A provocare i danni più ingenti, come ormai noto, è stata l’esondazione del fiume Misa, che per la seconda volta in appena otto anni ha colpito il Senigalliese provocando morti e devastazione. Per la sua messa in sicurezza, l’Assetto di progetto della media e bassa valle del fiume Misa elaborato nel 2016 dall’Autorità di bacino regionale per Palazzo Raffaello aveva calcolato una spesa pari a 110 milioni di euro, di cui 48 milioni per gli interventi prioritari.

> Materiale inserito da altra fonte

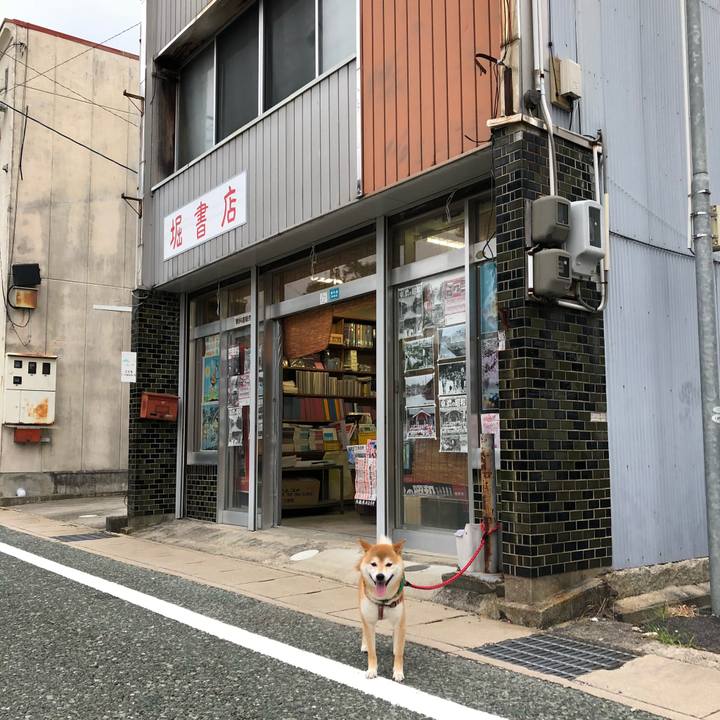 E25754a1 4ab4 4584 898c e01e4901dadb 1532600977479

Ma la cifra era tarata sul prezzario del 2016: con i conti aggiornati ad oggi, il costo totale supera i 200 milioni di euro. Una parte del progetto è stata nel frattempo portata avanti, come ha dettagliato il dirigente del dipartimento regionale Infrastrutture e Protezione civile Nardo Goffi. Nello specifico, sono già stati impegnati e spesi 15 milioni di euro per il rifacimento degli argini e dei ponti distrutti nel 2014 e per l’avvio dei lavori per la cassa di espansione nella zona di Bettolelle (partiti solo lo scorso giugno), proprio dove nella notte tra i 15 ed il 16 ha perso la vita Gino Petrolati. Altri 17-18 milioni di euro sono in fase di progettazione es serviranno a portare a completamento gli interventi. E sommando i due capitoli di spesa, si arriva a 33 milioni. La differenza per arrivare ai 200 milioni necessari dovrà essere coperta con fondi regionali, nazionali, della programmazione europea e dei fondi Pnrr. «I 45 milioni di euro per il Misa di cui si è parlato in questi giorni non sono mai stati erogati dal ministero», specifica poi Goffi. E il riferimento è ai fondi previsti dal Piano Italia Sicura, elaborato dal governo Renzi ma mai messo a terra. 


Le vasche di espansione


Ma la domanda che più di tutte ha tenuto banco in questi giorni drammatici è volta a capire come mai i lavori per la più grande delle tre vasche di espansione da realizzare sul Misa- quella della zona di Bettolelle, appunto - siano partiti solo lo scorso giugno nonostante se ne parli dal 1982. A spiegare la storia di ordinaria burocrazia tipicamente italiana ci pensa il capo della protezione civile regionale Stefano Stefoni: «La competenza sulla sicurezza dei fiumi passa dalle province alla Regione nel 2016, dopo la riforma Delrio. Nel 2018, l’aggiudicazione del progetto elaborato dalla Provincia diventa definitiva e da qui parte la storia moderna. Il contratto poteva essere firmato solo nei primi mesi del 2020. Nel frattempo c’erano state un paio di piene che avevano cambiato in parte lo stato dei luoghi. Quindi è stato necessario rifare la parte topografica ed il computo metrico del progetto. Ho modificato il progetto perché quello che mi era stato proposto era ingestibile: prevedeva l’attivazione di 6-7 saracinesche quando la vasca entrava in funzione. La presenza di queste saracinesche, a mio avviso, rendeva inutile l’opera e mi sono preso la responsabilità di cambiare il progetto. Questo ha comportato un ulteriore passaggio con l’ufficio della Valutazione di impatto ambientale provinciale, che non voleva rilasciarci la Via. C’è stato un rimpallo tra noi e loro andato avanti anni e solo ad inizio 2022 ci hanno dato questa autorizzazione. A quel punto, tra aprile e maggio abbiamo affidato l’appalto». Il resto, è cronaca di questi giorni.